If the client has both an IPv4 and an IPv6 address, and is therefore looking for both v4 and v6 peers, then it must make two announce requests, over v4 and v6, using the same key. This allows the tracker to avoid “double-counting” the number of peers interested in a torrent.

Finally, the tracker responds with peer data:

Here, the action and transaction ID match the previous datagram, and the interval indicates how long the client should cache results for before polling the tracker again.
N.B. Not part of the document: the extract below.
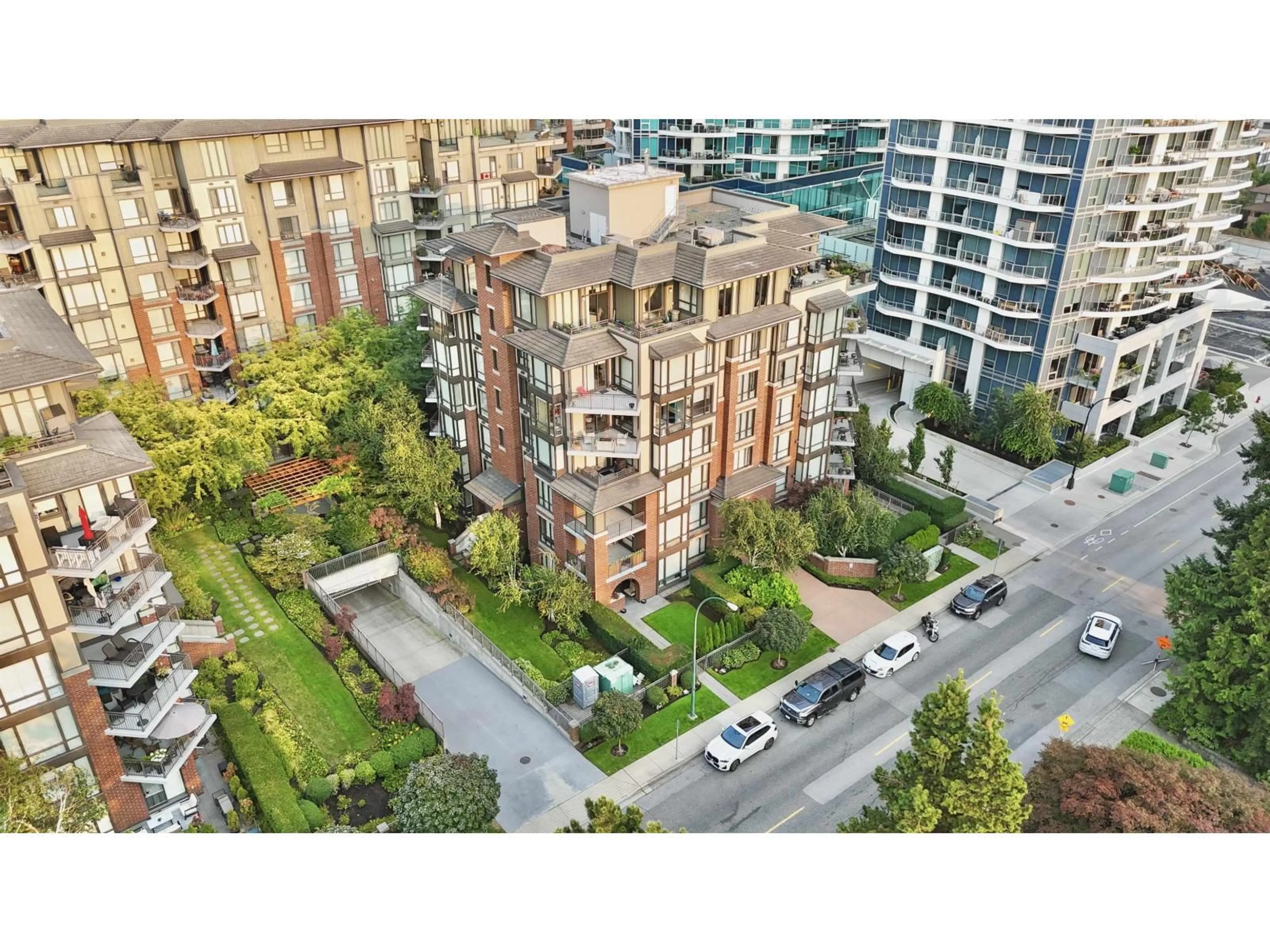 A pic from outside/outdoor area/front of a property/back of a property/a pic from drone, city buildings view from balcony for 603 - 1550 MARTIN, White Rock British Columbia V4B5M3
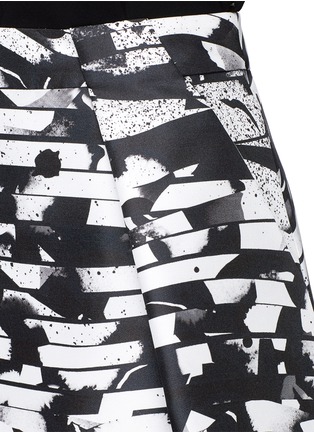 Detail View - Click To Enlarge - KENZO - Spray stripe print twill flare skirt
The leechers and seeders counts are the tracker’s guess as to how many peers are mostly-downloading or mostly-uploading based on the downloaded, left, and uploaded fields from each announce request. These counts are not authoritative, or confirmed by the tracker in any way.

And at last, the tracker responds with a series of IP addresses and port numbers: 4 bytes per address (assuming IPv4, 16 bytes for IPv6), and two bytes per port number.

That’s all there is to the UDP protocol! Keep in mind that all values should follow network byte-order (big endian). While the diagrams make this protocol look complicated, there’s far less parsing or error handling needed than for the HTTP version, no external libraries required, and the entire exchange occurs in just 4 packets. No wonder the majority of torrents only use UDP trackers!

Creating the dashboard

With the tracker protocol implemented, we can take a list of torrents, extract their list of trackers, and look up peers from each tracker. We can also look up peers in the DHT using third party code. From here, it’s a simple process to make a SQL database to track all that information with timestamps, select results from those tables based on their age, and at last throw up an interface to peruse it:

Screenshot of the DDoSecrets torrent health dashboard

In the hopes that this code might benefit others, it’s been released on GitHub.